Una y otra vez se detuvo para beber y cobrar fuerzas. El chorro caliente seguía deslizándose por su muslo, llenándolo, ahora, de una siniestra preocupación, mientras el croar sincrónico de las ranas del estero, como un gigantesco motor que no se detenía nunca, golpeaba en sus oídos cual si fuera reviendo mazazos en la cabeza. Cuando ya se acercaba a los límites del ceibal, no pudo más, y, quitándosela de encima, tiró la “maleta” a un costado de la senda. Al rato arrojó también el arma, pensando volver a buscarla al día siguiente. Aquellas paredes de paja medio seca y amarillenta lo ahogaban, lo ahogaban a él que había pasado buena parte de su vida entre ellas. Ansiaba llegar a la costa cuanto antes, salir de esa prisión crujiente y que parecía querer sepultarlo en su seno. Las espinas de rama negra y naranjillo habían dejado nuevas huellas en su rostro. Sus pantalones, raídos, y empapados, venían llenos de barro hediondo y de yuyo lambedor. Y la camisa, también destrozada, tinta con la sangre del muerto, con la de los animales que éste había cazado y con la suya propia, completaban aquel cuadro de sangre, sangre por doquier, que fue hasta hace poco la ley de la maciega y ya ha quedado acorralada en sus últimos confines.

Pálido y tambaleante, sintiendo que la vida se le iba en cada paso, llegó por fin a la ranchada y, acercándose a la orilla, arrancó una hoja de lampasa hincándose para beber con ella ávidamente. Luego retornó a su refugio y, desprendiéndose el pantalón, trató de examinar la herida, de la que seguía manando sangre y en la que sentía una profundísima puntada que, arrancando del vientre, parecía subirle por la columna vertebral hasta hundirse como una daga en su cerebro. Se lavó prolijamente y el contacto con el agua fría pareció hacerle bien porque, en seguida y por un momento, se sintió aliviado.

Como anochecía, se empeñó en encender fuego. Logrólo al fin con verdadero esfuerzo. Pero, no bien hubo terminado la operación, profundos dolores lo obligaron a tirarse en el catre, de espaldas, quedando allí extendido e inmóvil.

Y, al rato, desde abajo del lecho y al golpear sobre una de las latas vacías tiradas por el suelo, comenzó a llegar el sonido metálico y acompasado de las gotas de sangre que caían.

Tac…

Tac…

Tac…

Mientras tanto la lumbre seguía encendida extendiendo una lánguida pantalla de luz hacia las tinieblas del monte y recortando, sobre la pared de paja, las líneas del lecho y la sombra del hombre, cuyo perfil se acentuaba. Hasta que, por fin, comenzó a apagarse. De lejos llegaba el chillido del ñacurutú, el maullido de algún gato montés y el impresionante silencio de la soledad salvaje.

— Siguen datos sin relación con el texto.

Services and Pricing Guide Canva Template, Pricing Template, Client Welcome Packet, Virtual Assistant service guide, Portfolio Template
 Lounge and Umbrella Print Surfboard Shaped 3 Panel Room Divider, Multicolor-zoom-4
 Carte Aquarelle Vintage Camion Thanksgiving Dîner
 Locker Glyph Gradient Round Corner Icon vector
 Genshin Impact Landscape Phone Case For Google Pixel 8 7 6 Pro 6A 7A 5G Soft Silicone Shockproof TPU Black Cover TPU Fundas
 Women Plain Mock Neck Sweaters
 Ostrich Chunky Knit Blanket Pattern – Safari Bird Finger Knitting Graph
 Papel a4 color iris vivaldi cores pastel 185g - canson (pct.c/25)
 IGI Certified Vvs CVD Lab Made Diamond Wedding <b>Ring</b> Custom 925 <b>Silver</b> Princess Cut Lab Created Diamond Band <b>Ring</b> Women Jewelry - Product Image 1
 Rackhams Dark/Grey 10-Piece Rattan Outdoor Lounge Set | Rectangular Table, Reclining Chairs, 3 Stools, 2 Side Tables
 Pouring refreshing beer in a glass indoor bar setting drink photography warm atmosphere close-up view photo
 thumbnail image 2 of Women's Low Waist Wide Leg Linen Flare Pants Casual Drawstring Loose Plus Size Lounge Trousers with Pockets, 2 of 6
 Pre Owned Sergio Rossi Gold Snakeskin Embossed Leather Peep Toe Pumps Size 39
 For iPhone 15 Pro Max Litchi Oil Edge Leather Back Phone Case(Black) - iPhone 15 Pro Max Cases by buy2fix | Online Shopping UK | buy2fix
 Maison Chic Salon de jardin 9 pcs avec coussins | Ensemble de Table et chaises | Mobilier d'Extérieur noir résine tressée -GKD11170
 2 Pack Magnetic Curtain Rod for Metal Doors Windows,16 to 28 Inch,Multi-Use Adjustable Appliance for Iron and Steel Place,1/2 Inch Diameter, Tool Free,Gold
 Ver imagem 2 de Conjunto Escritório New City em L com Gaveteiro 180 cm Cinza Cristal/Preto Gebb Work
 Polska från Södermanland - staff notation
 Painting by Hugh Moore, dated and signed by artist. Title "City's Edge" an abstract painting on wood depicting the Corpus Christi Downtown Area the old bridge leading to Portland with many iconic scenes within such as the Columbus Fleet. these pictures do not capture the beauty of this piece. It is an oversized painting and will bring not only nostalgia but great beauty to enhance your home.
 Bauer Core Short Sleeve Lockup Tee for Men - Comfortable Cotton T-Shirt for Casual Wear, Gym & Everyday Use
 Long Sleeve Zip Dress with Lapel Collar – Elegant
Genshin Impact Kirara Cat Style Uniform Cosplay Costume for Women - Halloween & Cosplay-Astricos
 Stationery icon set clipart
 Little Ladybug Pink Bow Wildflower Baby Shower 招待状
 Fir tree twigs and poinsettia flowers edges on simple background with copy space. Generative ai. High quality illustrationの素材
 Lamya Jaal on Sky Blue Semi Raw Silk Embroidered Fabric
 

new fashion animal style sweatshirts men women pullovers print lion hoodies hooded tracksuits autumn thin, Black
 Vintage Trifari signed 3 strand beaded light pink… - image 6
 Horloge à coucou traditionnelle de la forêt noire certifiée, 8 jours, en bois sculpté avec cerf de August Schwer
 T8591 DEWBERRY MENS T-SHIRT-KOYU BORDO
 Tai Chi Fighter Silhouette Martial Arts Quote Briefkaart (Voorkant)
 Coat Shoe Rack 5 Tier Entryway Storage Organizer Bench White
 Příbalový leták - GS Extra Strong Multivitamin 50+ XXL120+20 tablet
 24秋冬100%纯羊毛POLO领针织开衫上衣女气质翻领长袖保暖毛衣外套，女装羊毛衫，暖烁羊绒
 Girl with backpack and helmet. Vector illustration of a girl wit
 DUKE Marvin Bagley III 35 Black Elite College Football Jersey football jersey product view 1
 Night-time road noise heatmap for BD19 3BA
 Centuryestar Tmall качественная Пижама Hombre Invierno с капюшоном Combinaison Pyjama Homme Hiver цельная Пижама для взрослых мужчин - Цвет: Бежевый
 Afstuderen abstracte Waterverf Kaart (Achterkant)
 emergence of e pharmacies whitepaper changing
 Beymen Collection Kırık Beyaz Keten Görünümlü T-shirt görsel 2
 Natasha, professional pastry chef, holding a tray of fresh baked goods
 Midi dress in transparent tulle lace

En medio de ese silencio y de la oscuridad nocturna las gotas de sangre, en su fluir intermitente y espeso, seguían su fúnebre y monótono golpeteo.

Tac…

Tac…

Tac…

Lo siguieron toda la noche, la larga noche de invierno, haciéndose más y más distanciadas.

Hasta que, por fin al amanecer, cesaron…

Con los primeros albores, en la ranchada, la quietud era ya serena, mientras el monte se llenaba de gritos de zorzales y chiviros. Y a la distancia, sobre el fondo blanquecino de la aurora, bandadas de patos pasaban volando rápidamente hacia el horizonte.